Supplied data START

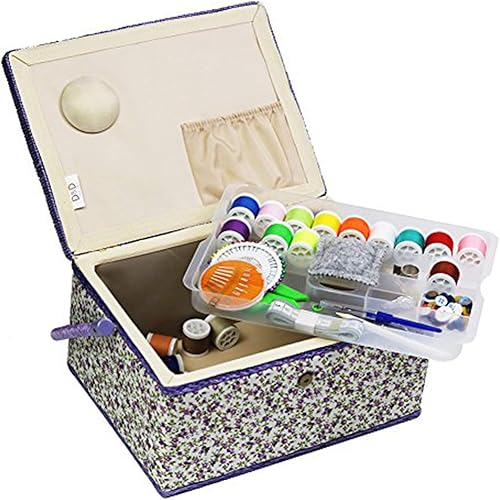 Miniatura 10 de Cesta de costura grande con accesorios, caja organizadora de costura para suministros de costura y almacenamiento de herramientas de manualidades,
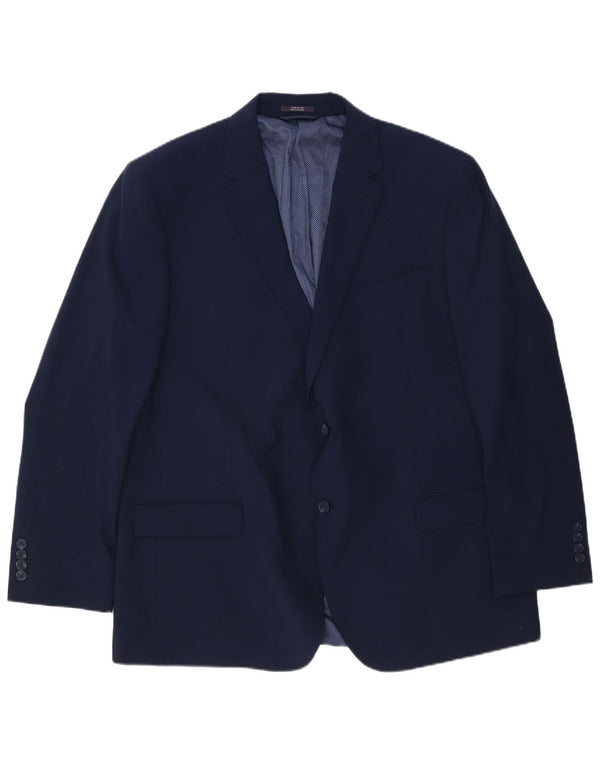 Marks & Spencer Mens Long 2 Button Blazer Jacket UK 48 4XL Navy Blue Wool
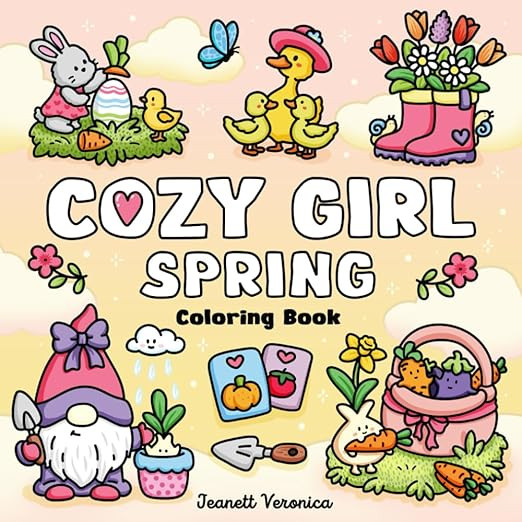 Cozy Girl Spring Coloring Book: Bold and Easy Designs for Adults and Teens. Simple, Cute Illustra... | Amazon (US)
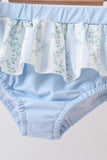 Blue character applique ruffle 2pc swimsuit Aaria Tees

Supplied data END
Supplied data START

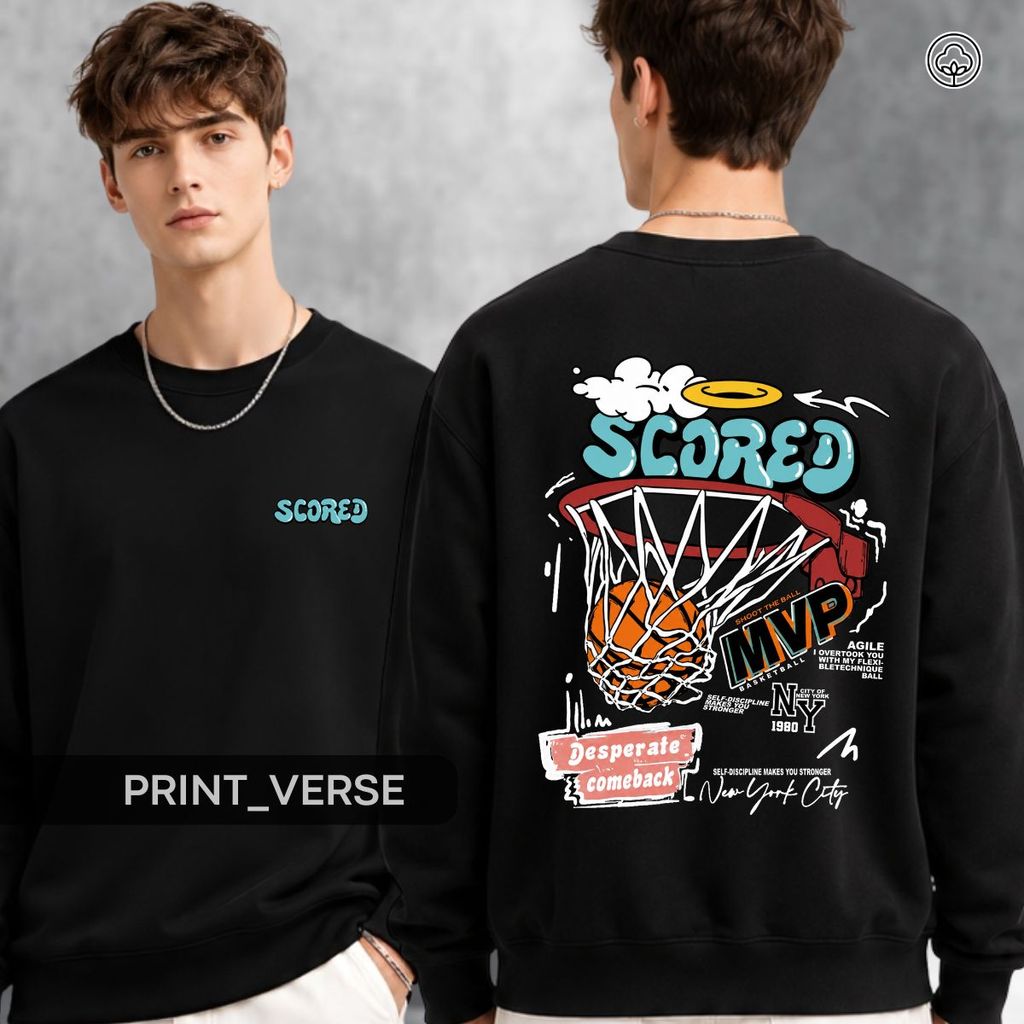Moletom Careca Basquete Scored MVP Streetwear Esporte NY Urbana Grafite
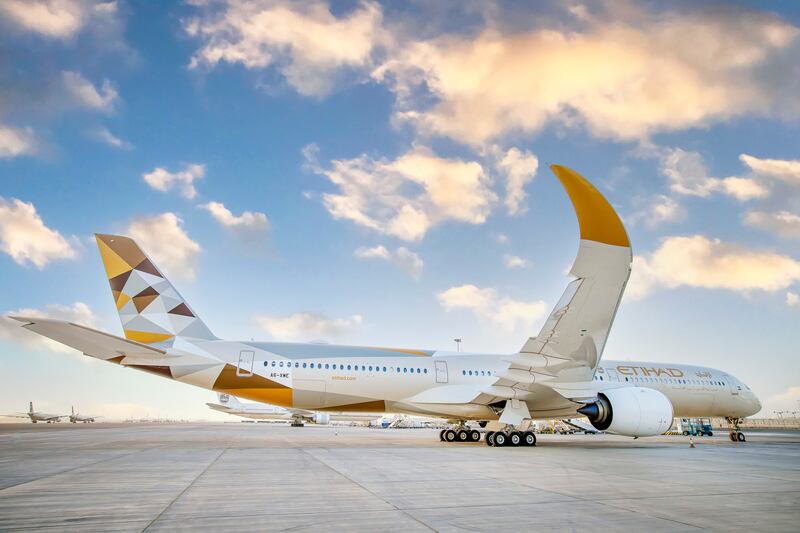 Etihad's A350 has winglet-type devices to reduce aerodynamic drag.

Supplied data END

# [Problem]
In the material above, which lines fall between the one holding "Moletom Careca Basquete" and the one holding "Etihad's A350 has", inclusive? Print exactly those, with the pictures left out.

# [Your solution]
Moletom Careca Basquete Scored MVP Streetwear Esporte NY Urbana Grafite
 Etihad's A350 has winglet-type devices to reduce aerodynamic drag.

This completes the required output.